One way for the administrator to reduce its own costs and the fees it charges clients is by outsourcing some of its activities to cheaper locations. Smith says Butterfield Fulcrum has reduced its staff in high-cost locations. “We still have the same business volumes, but we have moved the core operations to centres of excellence,” says Smith. “We do business in nine different countries but most of our core operations people are based in Canada and India. India and Canada are the engine rooms for core administration services such as reconciliations and data management.”
Butterfield Fulcrum is not alone in withdrawing back-office services from Bermuda: Citigroup, JPMorgan and SEI all pulled back some time ago, leaving a hard core of smaller administrators in Bermuda that are solely focused on servicing funds on the island.
Butterfield Fulcrum still has a significant client base that is serviced from the island. It has ten additional offices after opening a new office in Dublin last year. A number of other administrators have also created bases in Ireland after it became clear that the island would be one of the main beneficiaries of funds migrating from Cayman and Bermuda. Butterfield Fulcrum will also open an office later this year in Luxembourg, which has been another significant beneficiary of the post-crisis era. “There has undoubtedly been a migration of volumes from Bermuda to Luxembourg and Dublin and we always aim to follow our clients,” says Smith. “We aim to be frontiersmen, getting there before our clients do. We spend a lot of time talking to our clients and asking them where they are likely to go next.” This mirrors the situation of a couple of years ago when there was a big push by hedge funds into South America and administrators had to decide whether they could service funds out of Cayman and Bermuda or whether they needed to be present on the ground.

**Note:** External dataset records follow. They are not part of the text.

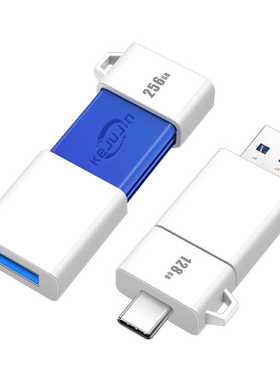 适用于小米手机电脑64gU盘双接口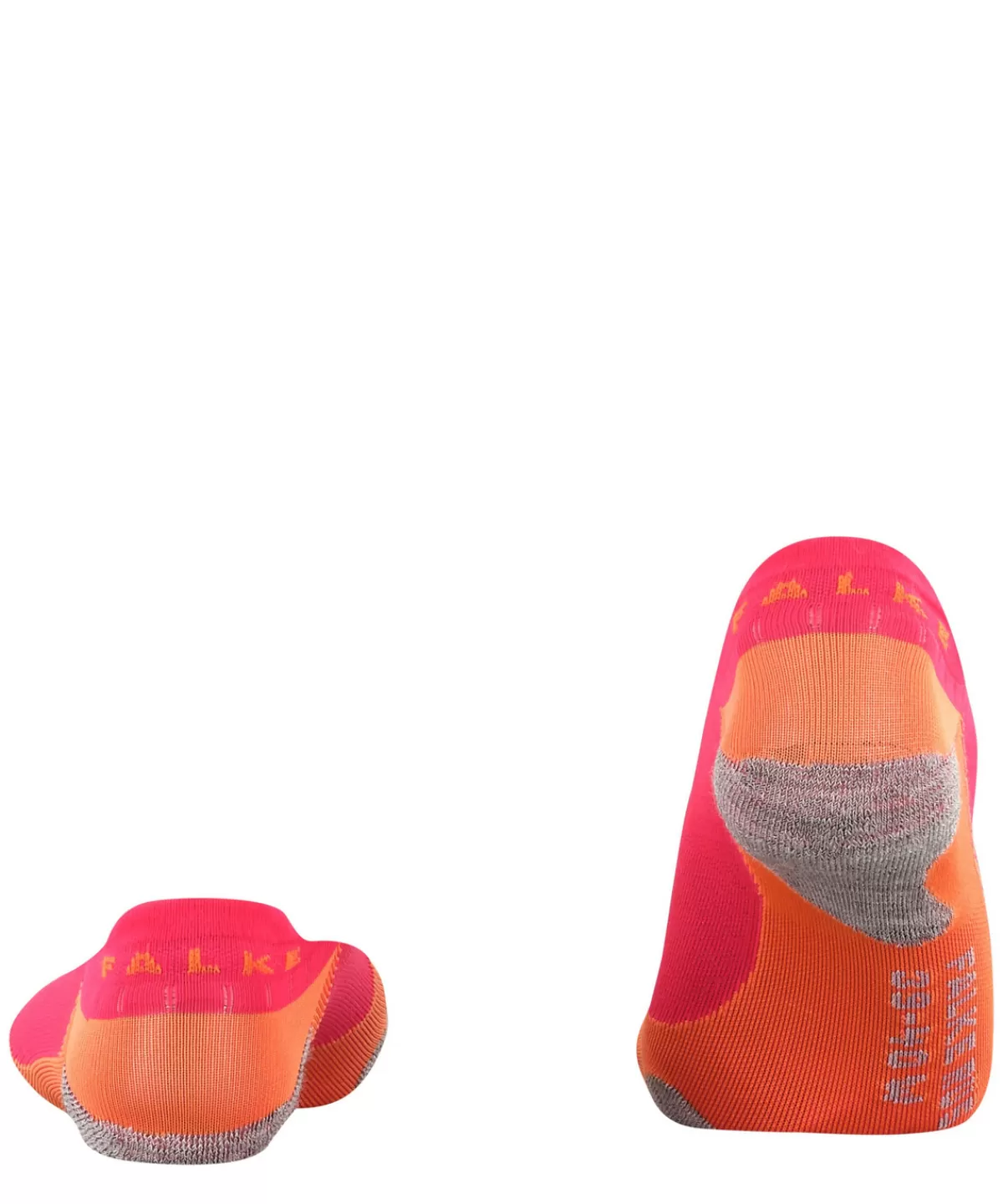 Ru5 Race Invisible Damen Running Füßlinge^FALKE Fashion
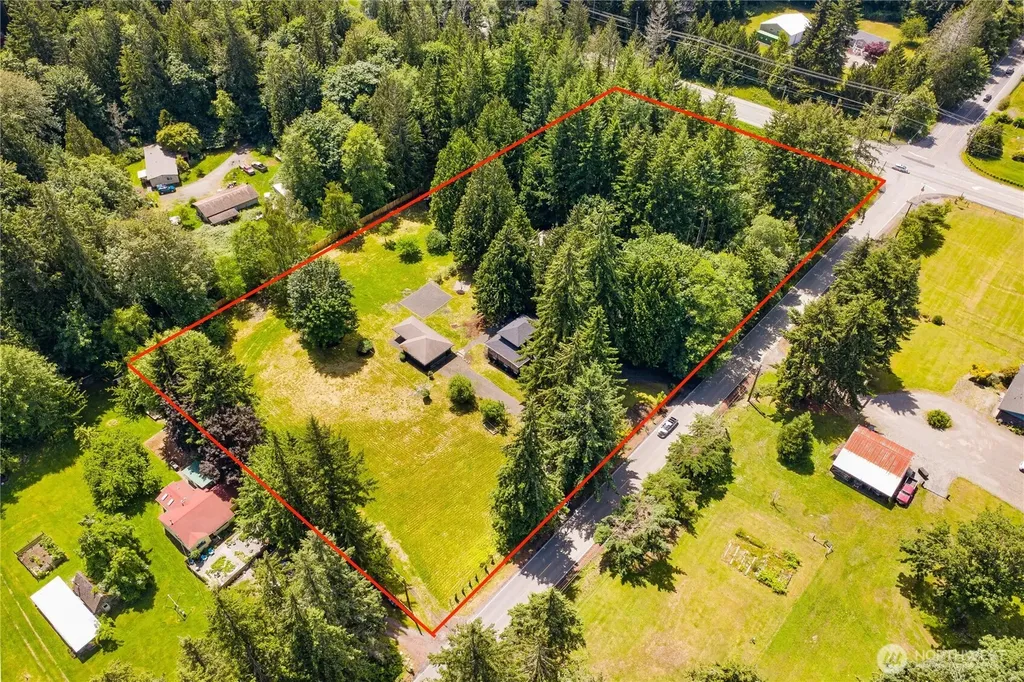 8021 NE Eglon Road Kingston WA 98346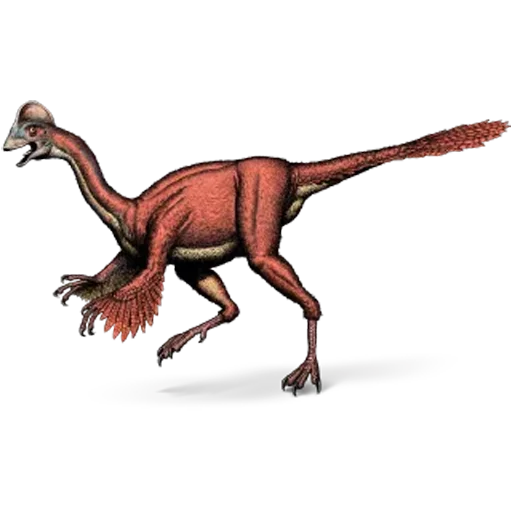 🦖 Стикер «Dinosaur» для Telegram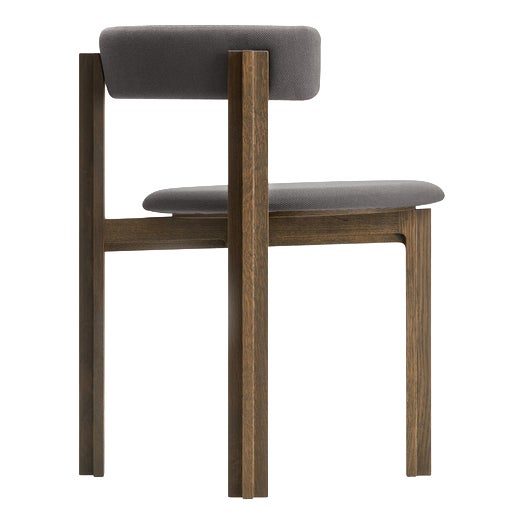 Walnut Principal Chair by Bodil Kjaer for Karakter, Denmark For Sale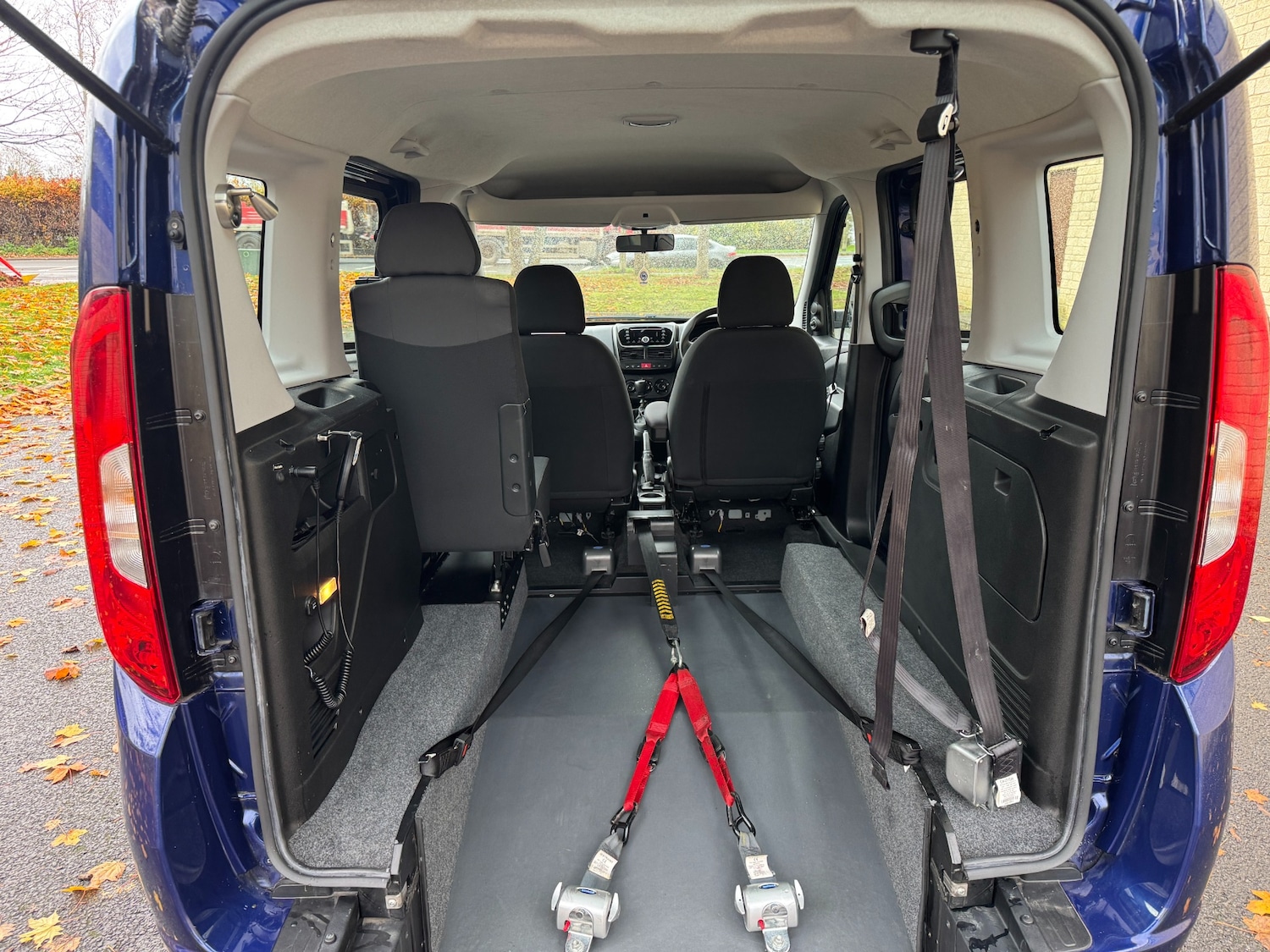 Used Fiat Doblo 2018 for sale - 76554055: Photo 7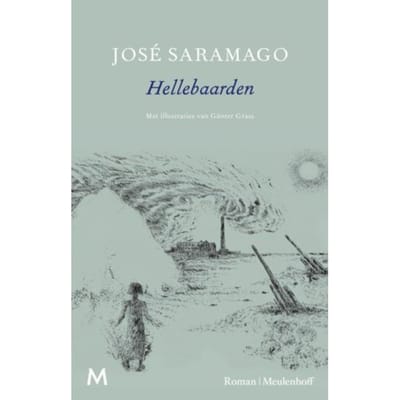 Hellebaarden - José Saramago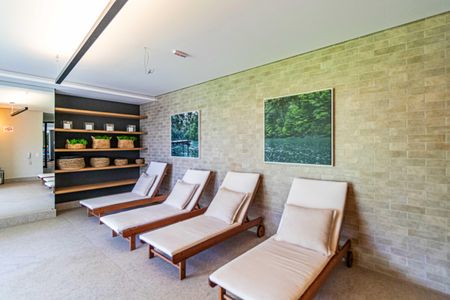 Apartamento à venda com 58m², 2 quartos e 1 vaga Apartamento à venda com 58m², 2 quartos e 1 vagaSauna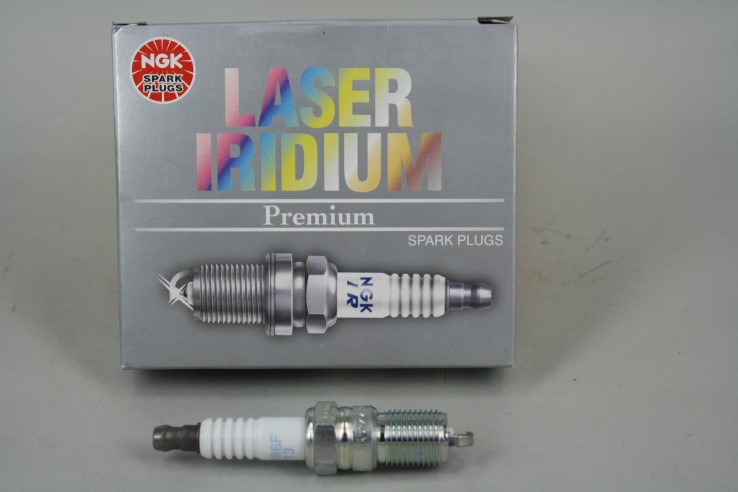 Свеча NGK LASER IRIDIUM ITR6F-13 (4477)
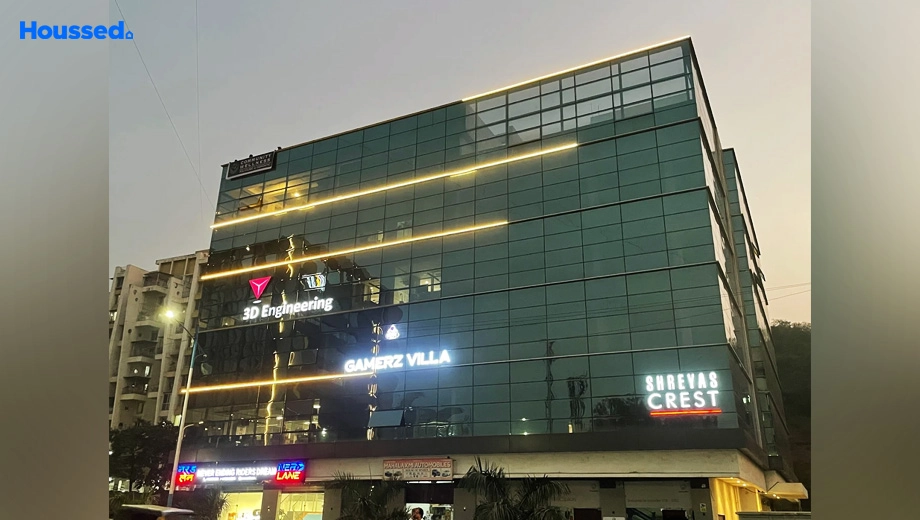 Project Image of Shreyas Crest in Baner, Pune - Image 393929
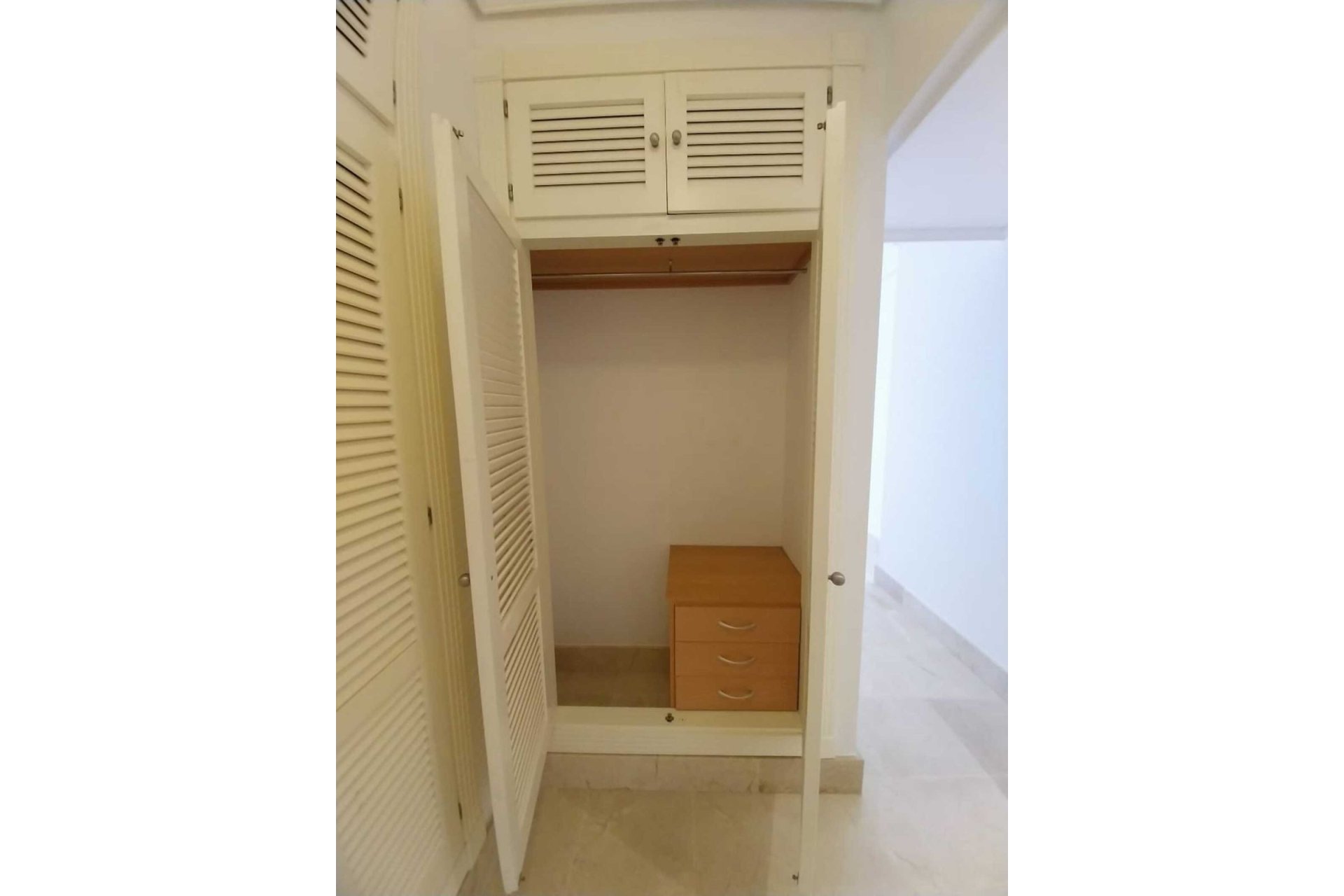 Resale - Ground floor apartment - Sotogrande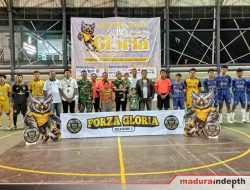 Turnamen Futsal Forza Gloria Season 3 se-Madura Resmi Bergulir di Sampang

Some administrators – such as Apex – insist that all activities should be performed in the same jurisdiction as the funds that are being serviced. Hughes claims: “People are increasingly turning to our high-touch model.” Apex’s growth from launch six and a half years ago has indeed been rapid and while it is headquartered in Bermuda, it now has 13 offices around the world. The growth is predicated on a belief that tailor-made solutions will predominate in the future. It has a “one point of contact” philosophy and tough self-imposed service standards.
Its model provides hope to all niche providers that the might of the large, captive administrators can be challenged. As Hughes says: “Three years ago, we were purely a niche administrator. Now we are a global brand.”
Independent administrators have been able to steal a march on banks in the last 18 months, according to Butterfield Fulcrum. “The big banks were unable to replace the employees they had to let go during the crisis and were focused on getting their balance sheets back on track,” says Smith. “They have a lot of power, but they cannot turn on a dime like smaller, more flexible firms. If we need to hire to service a demand in any of our locations, we just go out and hire the people we need.”
At the same time, the best captive administrators are also playing to their strengths. Lewin at BNY Mellon Alternative Investment Services says: “Our competitors are wide awake. But the financial strength of our institutions has allowed us to grow our assets – we are one of the few top administrators to have done so in the past year or two.”
It would appear then that two types of firm are starting to dominate the industry: innovative and dynamic independent service providers with global ambitions, and powerful captive administrators that have protected and enhanced their reputations in the wake of the crisis. It is not impossible that these two groupings will tighten their grip for years to come.